There's is also supposed to be an assessment of Greece's debt sustainability from the “troika” (European Union/International Monetary Fund /European Central Bank ). They have been shooting to reduce Greece’s debt burden from 160 percent of gross domestic product to 120 percent by 2020.
Good luck on that: The simple truth is no one has a clue what the Greek GDP is, even for this year. Greek GDP dropped by 7 percent on the year in the fourth quarter of 2011.
Meanwhile, talk is turning to building a stronger firewall around the remaining EU members. On Feb. 25, finance ministers from the Group of 20 industrialized nations meet in Mexico City. The IMF’s Christine Lagarde has argued that it would be easier for her to raise more funds from fund members if the EU could come up with more money. The EU’s rescue fund, the European Stability Mechanism, currently is capped at 500 billion euros ($658 billion).
Is there ever going to be a Greek deal? EU leaders meet on March 1. There’s your deadline for another announcement.
1) German sentiment improves dramatically: The ZEW survey of German economic sentiment rose from minus 21.6 in January to 5.4, a much bigger jump than expected.
2) Italy sees fair demand at a debt auction, driving its borrowing costs lower. Italy sold 6 billion euros ($7.9 billion) of three-year, four-year, and five-year bonds with the yield on its November 2014 bond dropping to 3.41 percent, its lowest in almost a year.

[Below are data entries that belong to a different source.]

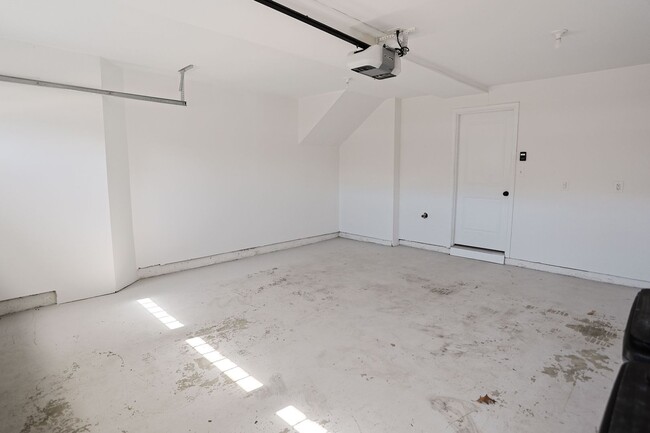 Building Photo - Move-in ready Townhome in Wenworth Green C...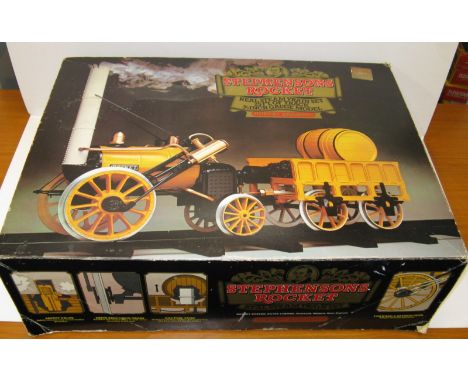 HORNBY G100 3.5 in Gauge Stephensons Rocket - Excellent with Funnel, Spanner and Instructions in an Excellent Tray with Fair 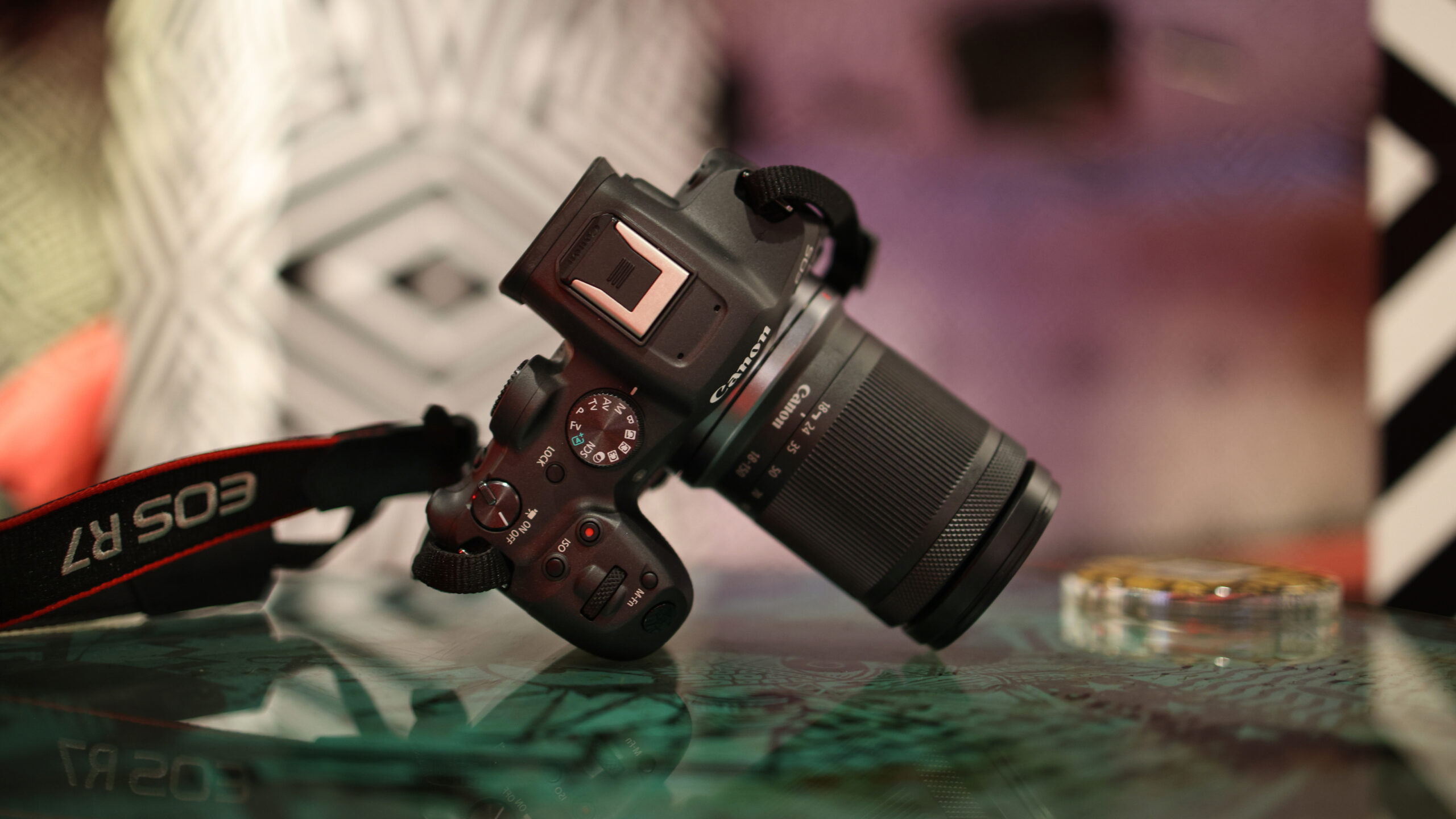 Máy ảnh Canon EOS R7 nhìn cận cảnh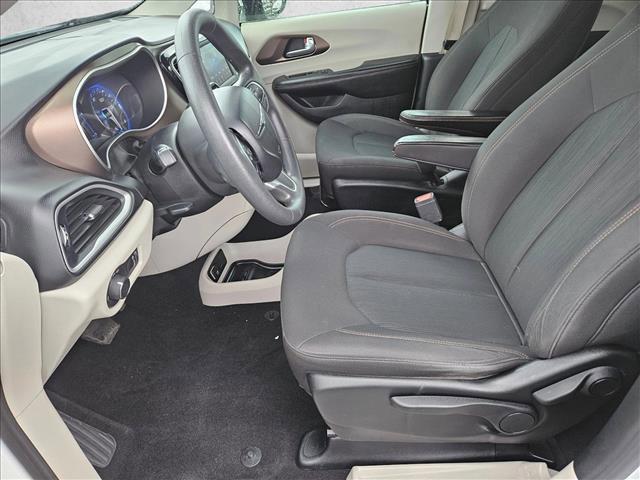 used 2018 Chrysler Pacifica car, priced at $14,992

The sale had a bid-to-cover ratio of 1.4 times and came just hours after Moody’s cut Italy’s credit rating one notch. The debt sale puts Italian bond issuance settled this year at 35.4 billion euros ($46.9 billion), a third of the 90 billion euros ($118 billion) of maturing debt the country must repay or roll over between February and the end of April.
3) Mixed earnings reports:
Masco falls 7.4 percent pre-market after yesterday reporting a wider-than-expected loss in the fourth quarter. The home improvement company warned it’s heading into 2012 with cautious optimism and said it remained concerned about economic conditions in Europe.
InterContinental Hotels down 1.3 percent pre-open after the hotelier reported 2011 operating profit up 26 percent to $559 million, boosted by a recovery in the U.S. and a handful of new Chinese hotel openings. The company, which owns Crowne Plaza and Holiday Inn, said business is improving in the U.S. due to a healthier economy and job creation in a region that makes about two-thirds of the hotelier’s profit. The company expects 2012 to benefit from emerging market demand, especially in China.
Michael Kors Holdings surges 16.2 percent pre-open after the fashion company beat analysts’ third-quarter expectations. The company posted third-quarter earnings per share of $0.20, versus the Street’s $0.09 view. Michael Kors made a strong market debut in December when it priced at a higher-than-expected $20. Its shares jumped more than 36 percent in the third quarter.